DATA EXCERPTS START

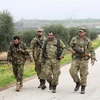 Lực lượng đồng minh với Thổ Nhĩ Kỳ tại Syria tuần tra ở thị trấn Jandairis, Afrin ngày 7/3 vừa qua. (Ảnh: AFP/TTXVN)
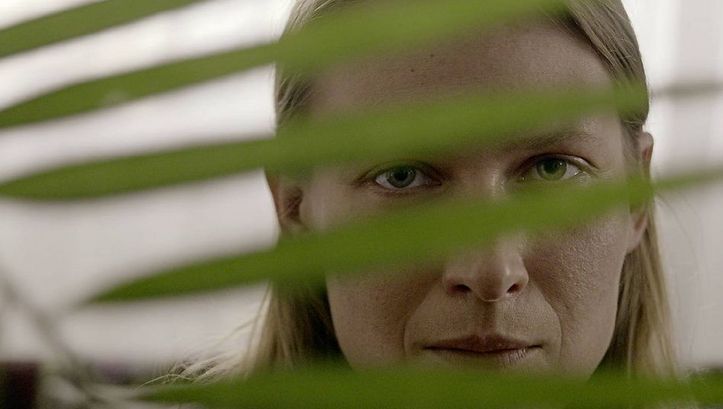Still from the film „We Haven’t Lost Our Way“  by Anka and Wilhelm Sasnal. A woman peeks through the leaf of a plant. 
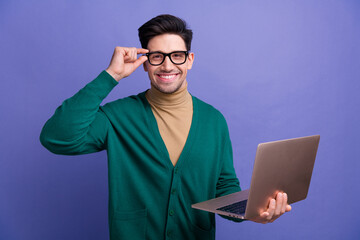 Sticker - Photo of confident attractive man wear stylish green clothes hold eyeglasses modern device netbook isolated on purple color background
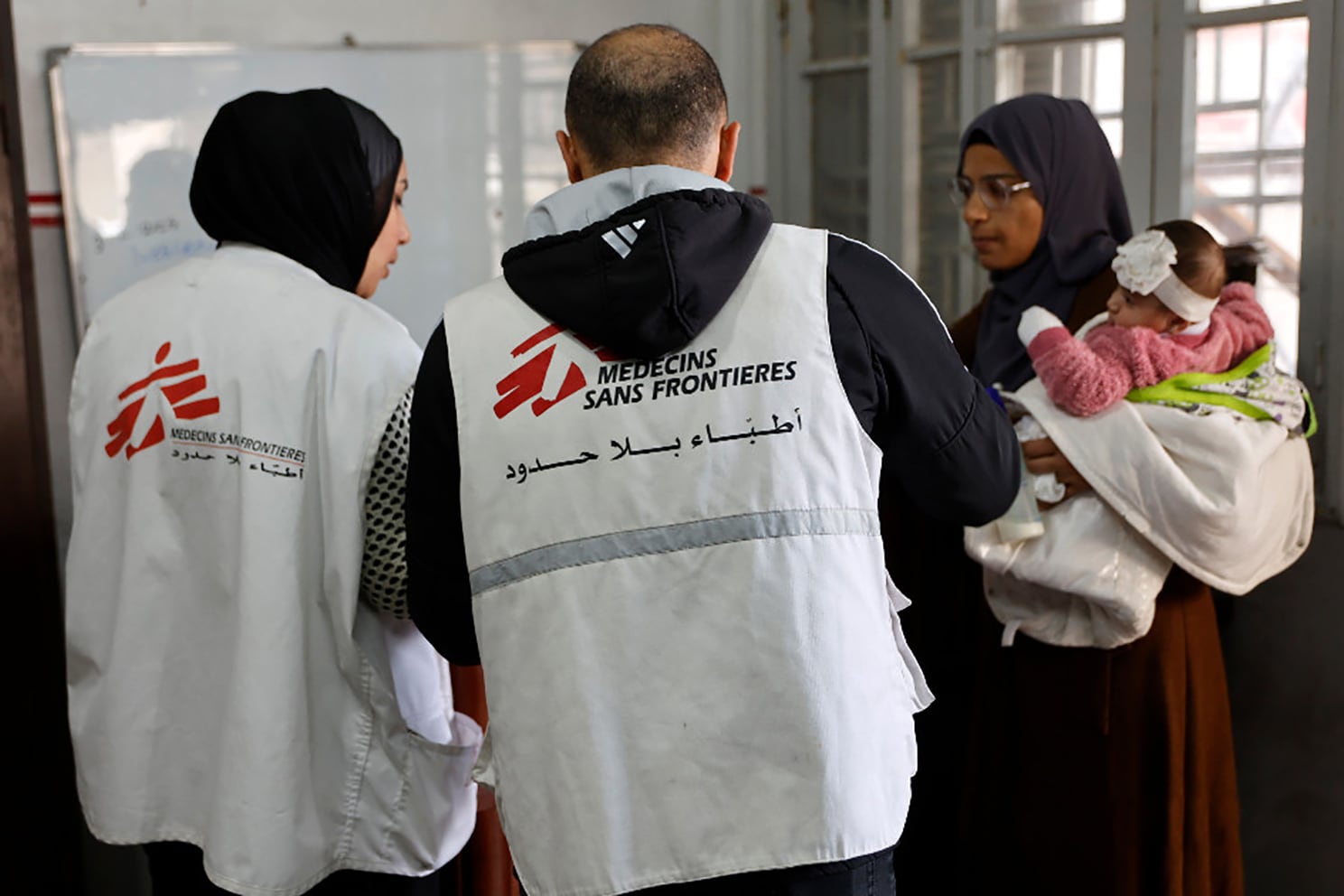 A Palestinian woman arrives with a child at the Doctors Without Borders or Medecins Sans Frontieres (MSF) clinic, in the al-Rimal neighborhood of Gaza City on new year's Eve, December 31, 2025. Israel has said 37 aid organisations will be banned from operating in Gaza from January 1, 2026, unless they comply with guidelines requiring detailed information on Palestinian staff, drawing criticism from the United Nations and the European Union. (Photo by Omar AL-QATTAA / AFP)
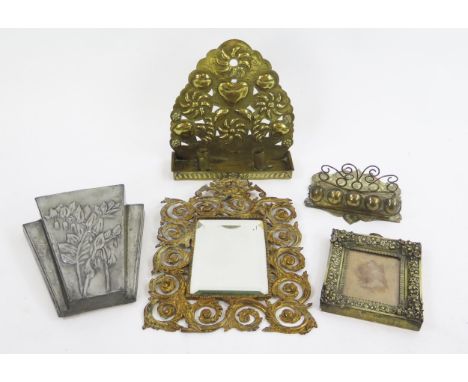 A Dutch brass wall candle holder, of arched outline 30cm high, a brass pipe holder, a metal wall pocket, brass easel framed m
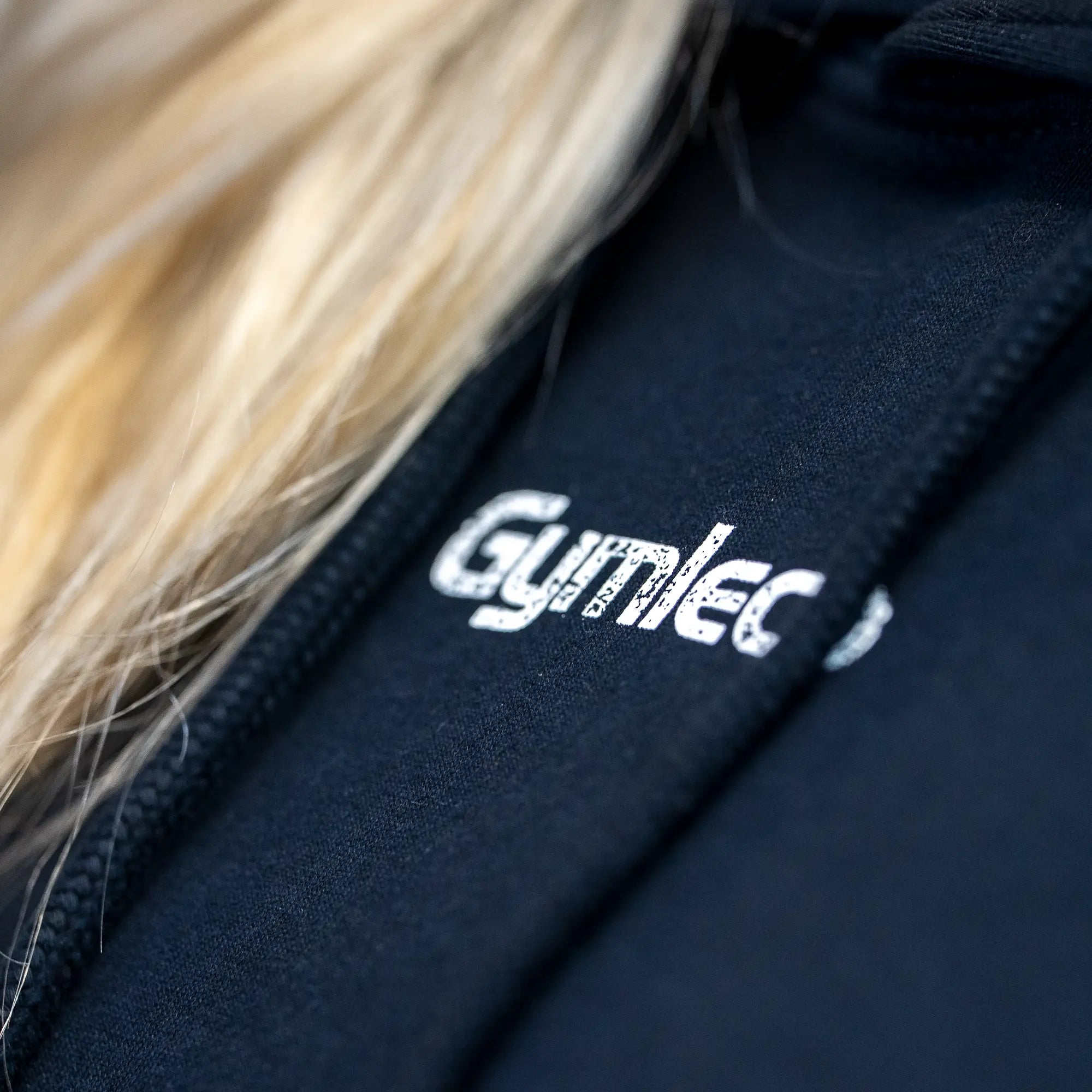 Black fabric hoodie with 'Gymlec' logo, close-up view.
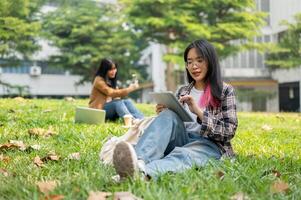 un hembra Universidad estudiante es estudiando en su digital tableta mientras sentado en césped en un parque. foto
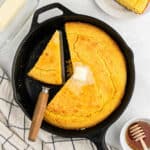 A sliced Southern cornbread in a cast-iron skillet with a pat of butter melting on top. One slice is being lifted out with a spatula. Nearby are a checkered cloth, a dish of butter, and a small bowl of honey, adding charm to this classic Southern recipe scene.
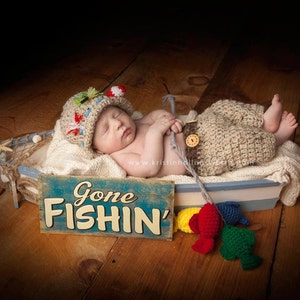 May include: A baby wearing a crocheted fishing hat and overalls is lying in a blue and white boat-shaped basket. The basket is decorated with a sign that says "Gone Fishin'" and there are colorful crocheted fish hanging from the side.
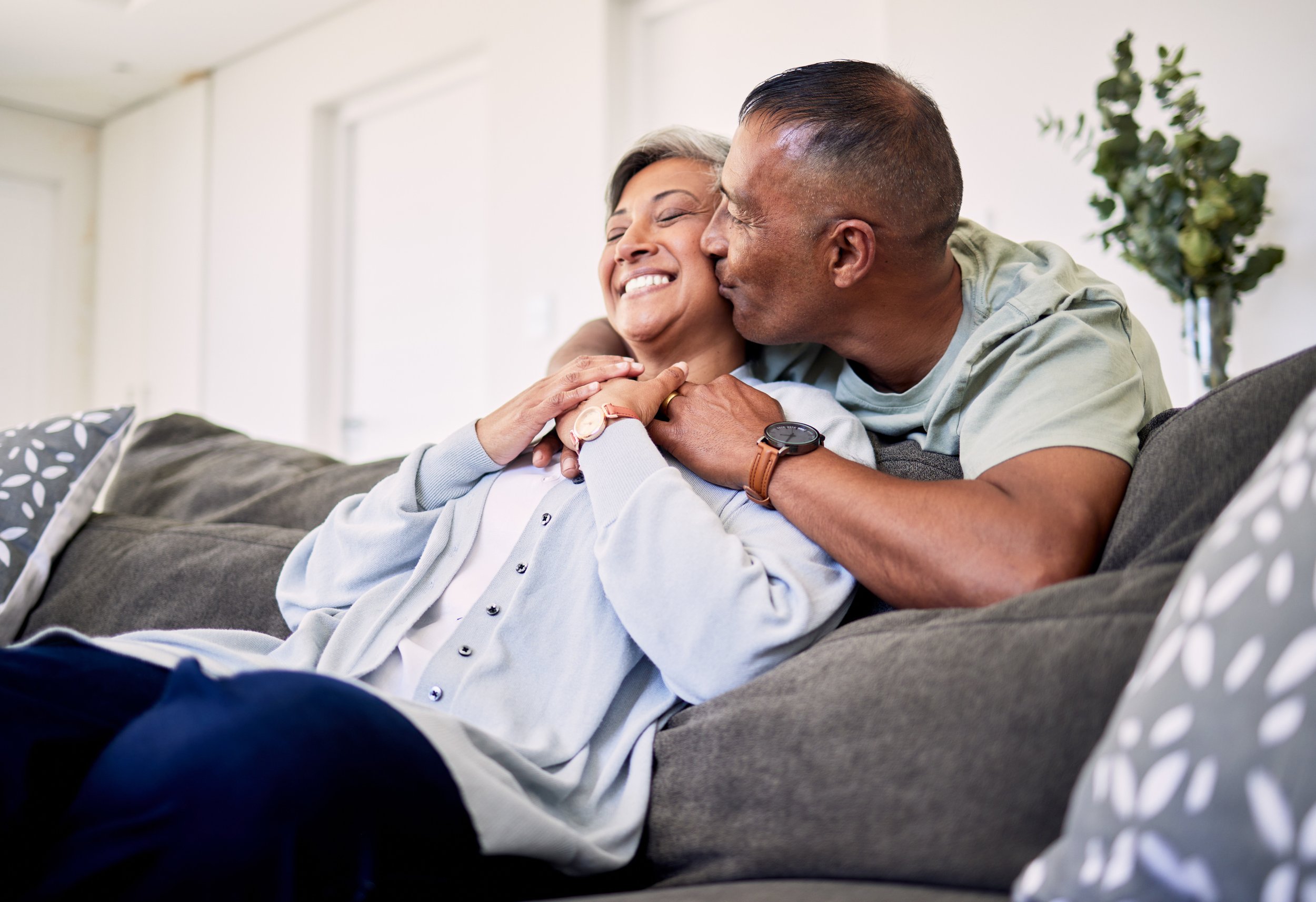 A man kisses an older woman on the cheek while sitting on a sofa, both smiling warmly, in a bright living room.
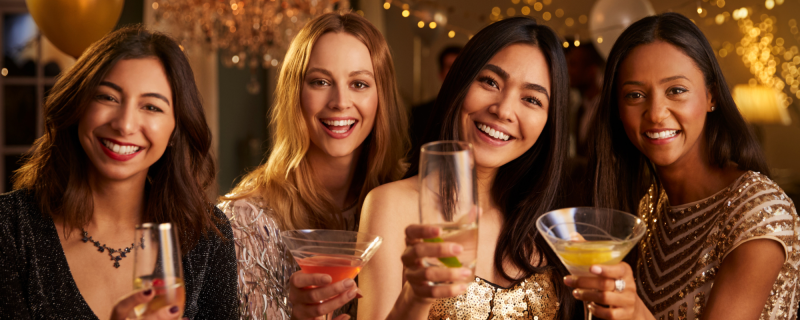 Four women hold up cocktails and smile with Christmas lights and decor in the background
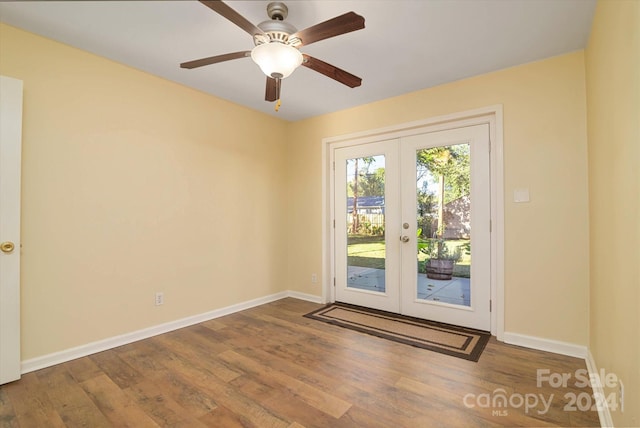 doorway to outside featuring hardwood / wood-style floors, ceiling fan, and french doors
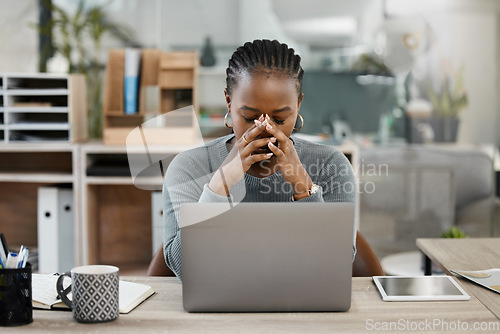 Image of Business woman, laptop and headache in burnout, stress or depression in doubt, fail or mistake at office. Frustrated African female person or employee in anxiety or mental health problem at workplace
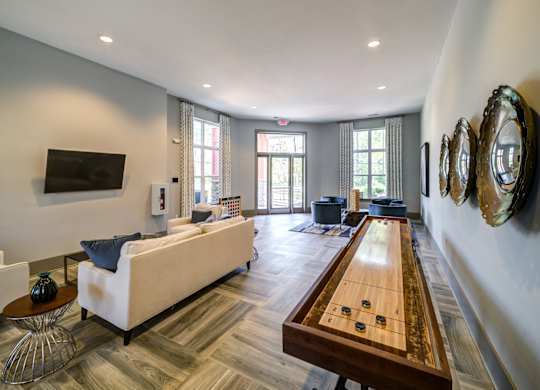 Clubroom With Shuffleboard at The Aster Cary, North Carolina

DATA EXCERPTS END

EXERCISE AIM: The output should hold only the lines from the one containing "A Dutch brass" through the last line of the listing, reproduced exactly, pictures omitted.

TASK OUTPUT:
 A Dutch brass wall candle holder, of arched outline 30cm high, a brass pipe holder, a metal wall pocket, brass easel framed m
 Black fabric hoodie with 'Gymlec' logo, close-up view.
 un hembra Universidad estudiante es estudiando en su digital tableta mientras sentado en césped en un parque. foto
 A sliced Southern cornbread in a cast-iron skillet with a pat of butter melting on top. One slice is being lifted out with a spatula. Nearby are a checkered cloth, a dish of butter, and a small bowl of honey, adding charm to this classic Southern recipe scene.
 May include: A baby wearing a crocheted fishing hat and overalls is lying in a blue and white boat-shaped basket. The basket is decorated with a sign that says "Gone Fishin'" and there are colorful crocheted fish hanging from the side.
 A man kisses an older woman on the cheek while sitting on a sofa, both smiling warmly, in a bright living room.
 Four women hold up cocktails and smile with Christmas lights and decor in the background
 doorway to outside featuring hardwood / wood-style floors, ceiling fan, and french doors
 Image of Business woman, laptop and headache in burnout, stress or depression in doubt, fail or mistake at office. Frustrated African female person or employee in anxiety or mental health problem at workplace
 Clubroom With Shuffleboard at The Aster Cary, North Carolina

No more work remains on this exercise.